» **Prompt**:
Leaving the pictures out, print the lines from the first line of the listing through the line containing "Eba & Egusi Soup", exactly as they read, and no others.

» **Extracted records**:
+===+
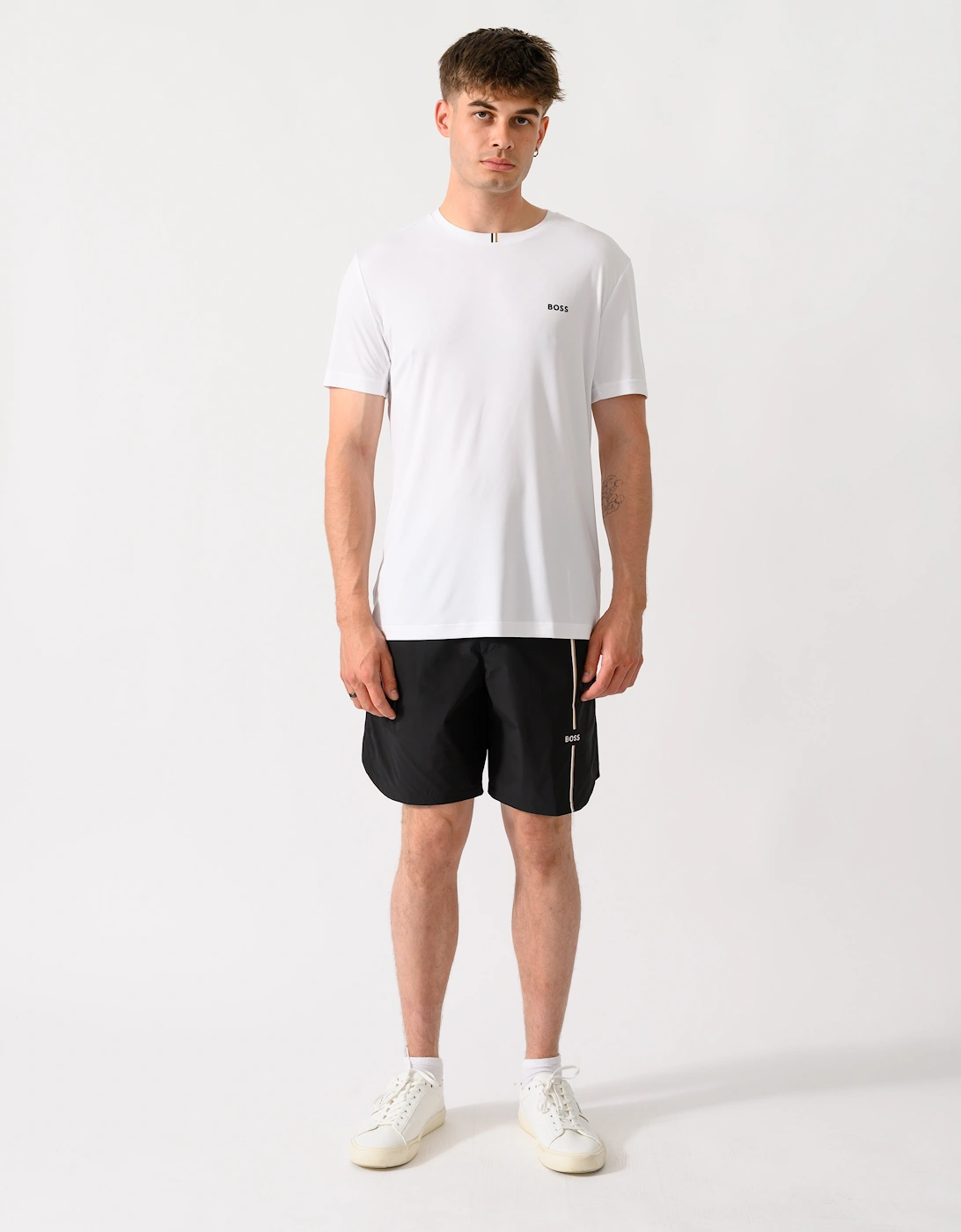 BOSS Green TOC Game Mens T-Shirt - White 100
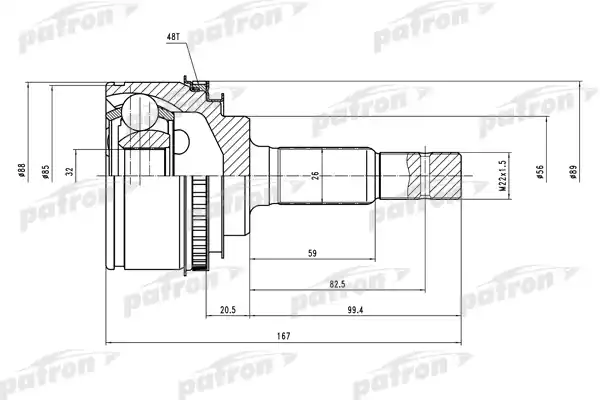 PCV2025 PATRON ШРУС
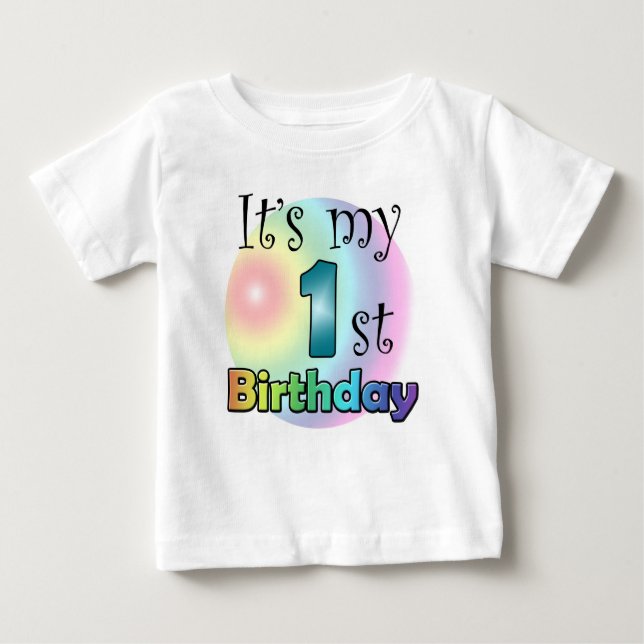 It's my 1st birthday t-shirt (Framsida)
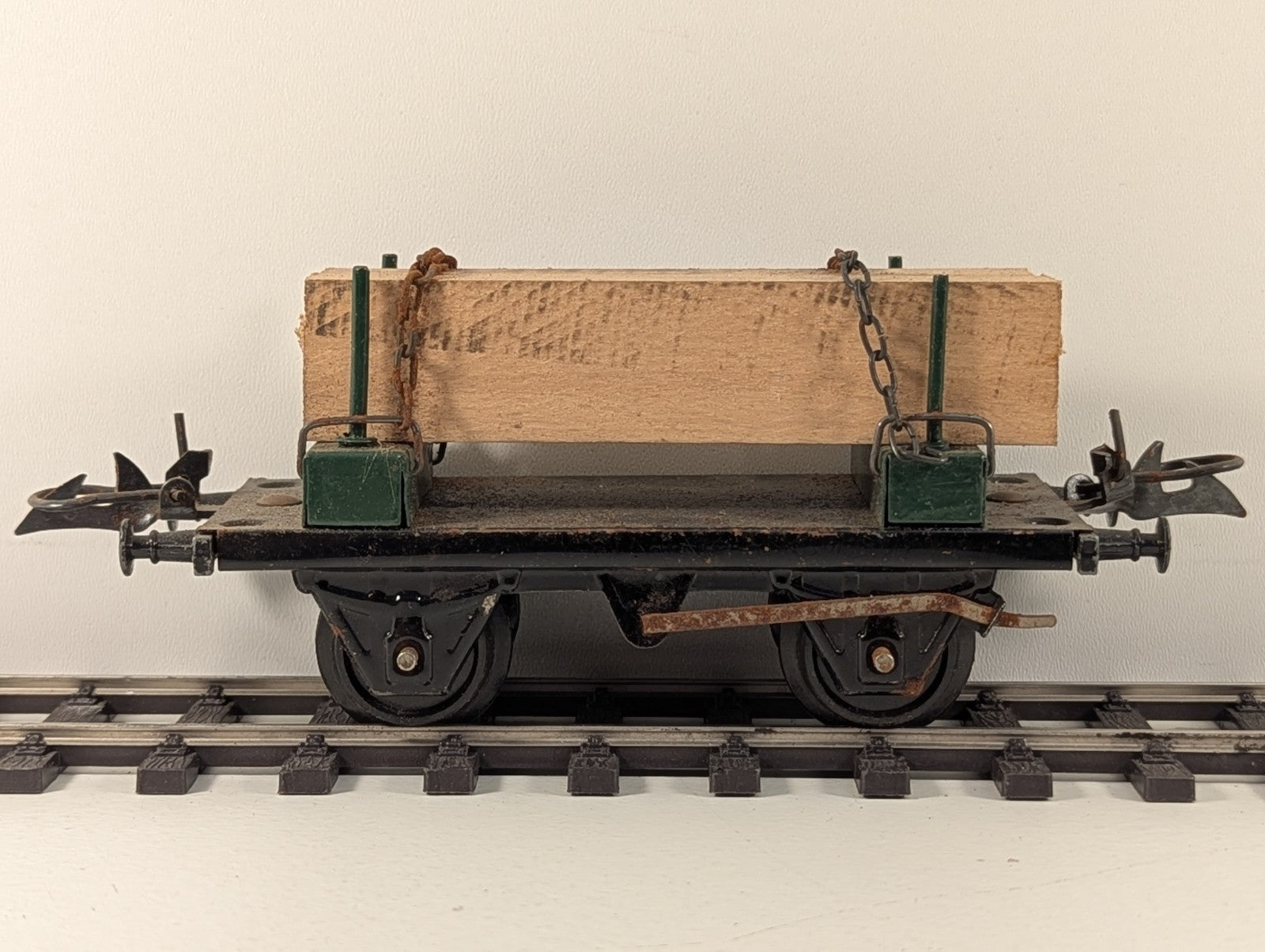 Hornby RC 24058A O Gauge No.1 Timber Wagon with Wood Load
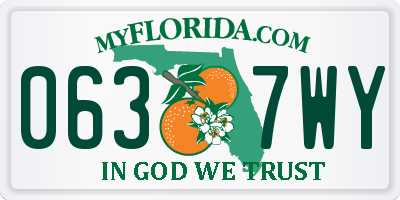 FL license plate 0637WY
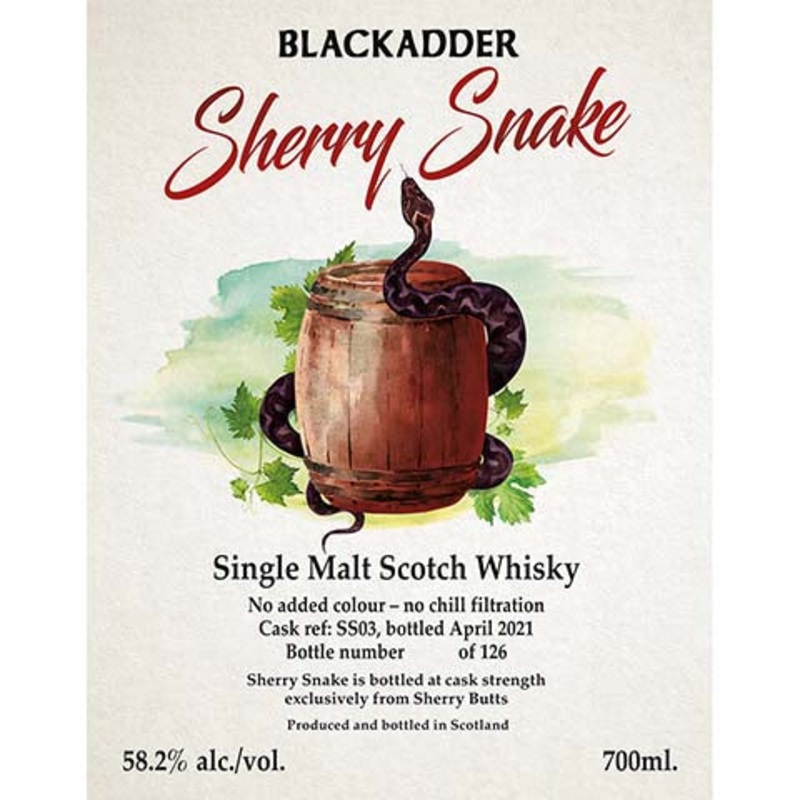 Blackadder Sherry Snake Single Malt Scotch Whisky 700ML BTL
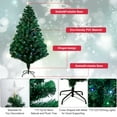 thumbnail image 6 of Hengu 5ft Pre-Lit Fiber Optic Artificial Christmas Tree with Multicolor LED Lights, Metal Stand Holiday Decoration, 6 of 9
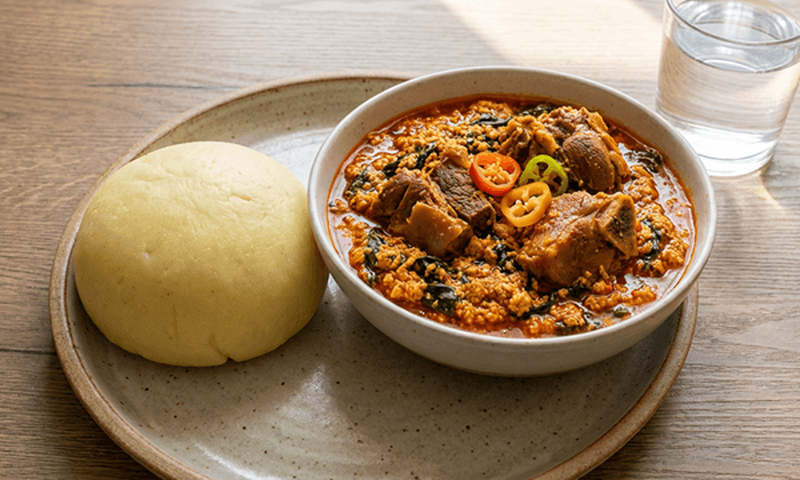 Eba & Egusi Soup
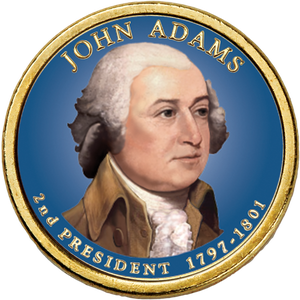 2007 Colorized John Adams Presidential Dollar Main Image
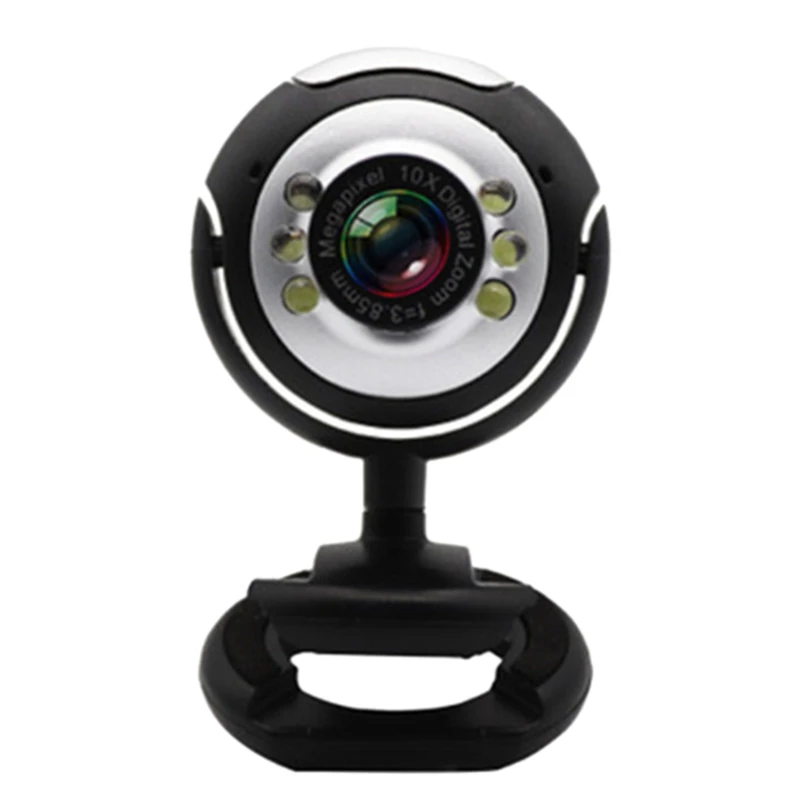 USB Video Computer Camera Six Lights Night Vision Non Drive Clip Camera HD Camera Network
USB Video Computer Camera Six Lights Night Vision Non Drive Clip Camera HD Camera Network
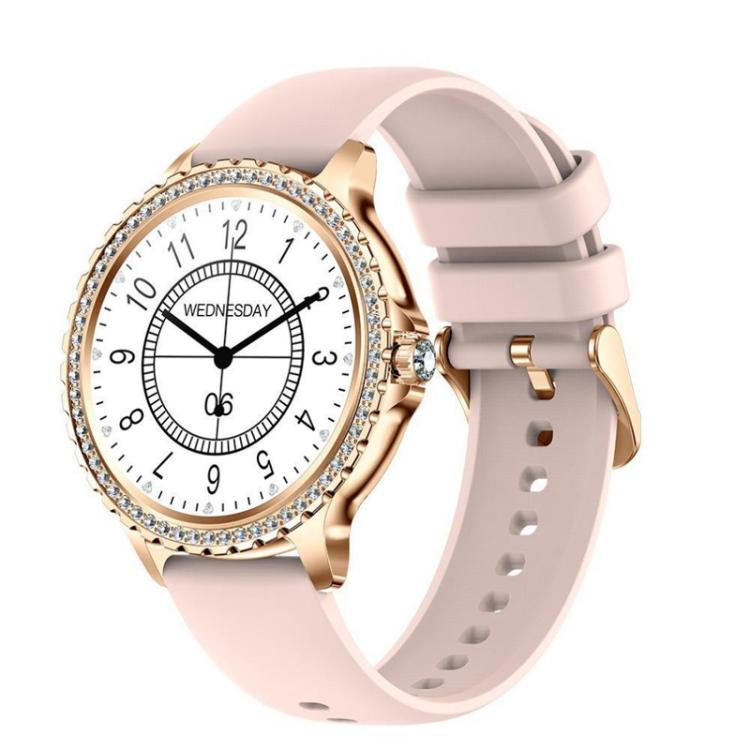 Reloj inteligente deportivo con asistente de voz e IA y función de llamadas Bluetooth., Black Silicone Strap, Gold Pink Silicone Strap, Silver Gray Silicone Strap, Gold Rough Steel Strap+Pink Silicone Strap, Silver Rough Steel Strap+Gray Silicone Strap...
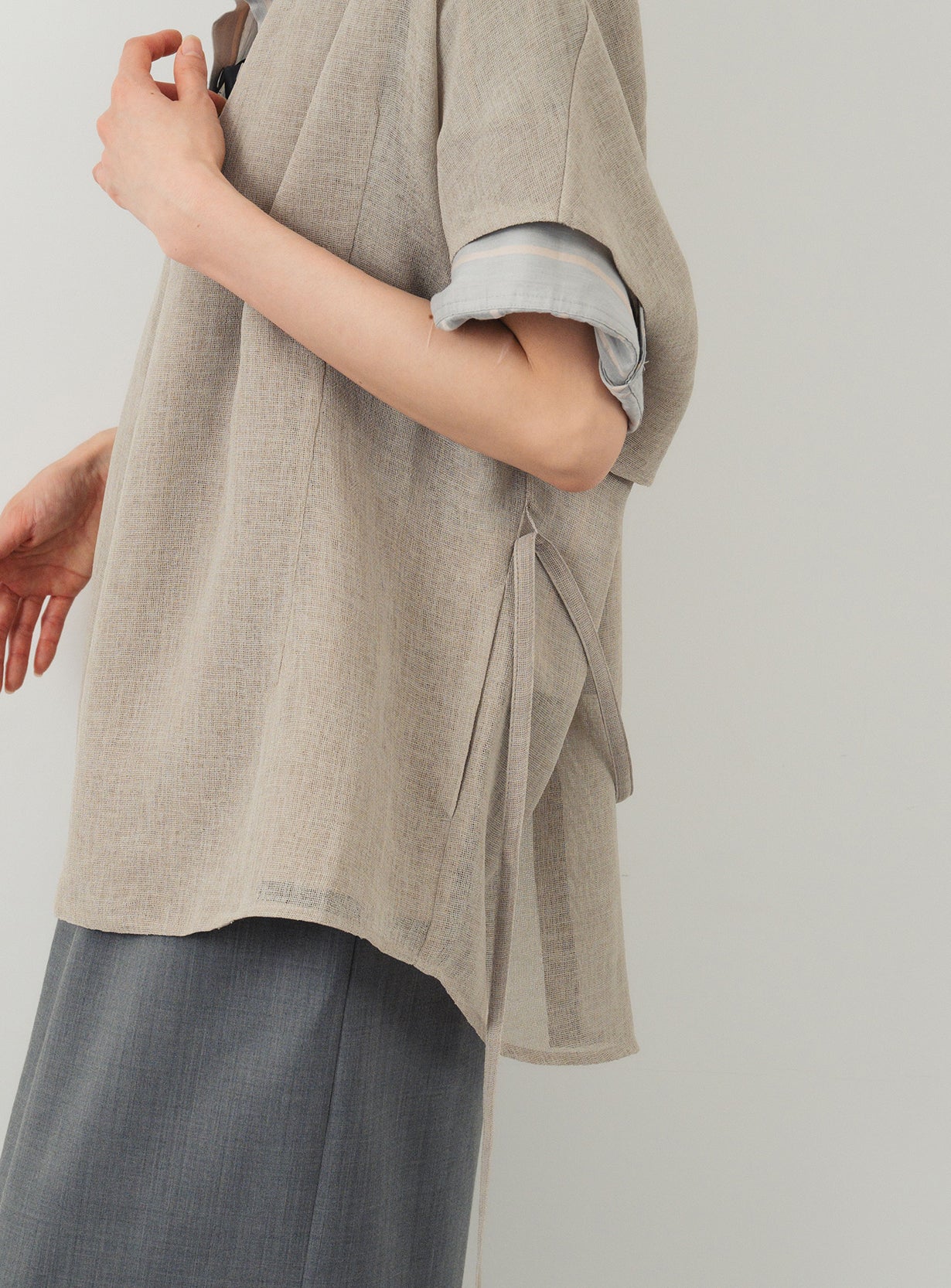 【予約商品】メッシュハオリブラウス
+===+
» **Written solution**:
 BOSS Green TOC Game Mens T-Shirt - White 100
 PCV2025 PATRON ШРУС
 It's my 1st birthday t-shirt (Framsida)
 Hornby RC 24058A O Gauge No.1 Timber Wagon with Wood Load
 FL license plate 0637WY
 Blackadder Sherry Snake Single Malt Scotch Whisky 700ML BTL
 thumbnail image 6 of Hengu 5ft Pre-Lit Fiber Optic Artificial Christmas Tree with Multicolor LED Lights, Metal Stand Holiday Decoration, 6 of 9
 Eba & Egusi Soup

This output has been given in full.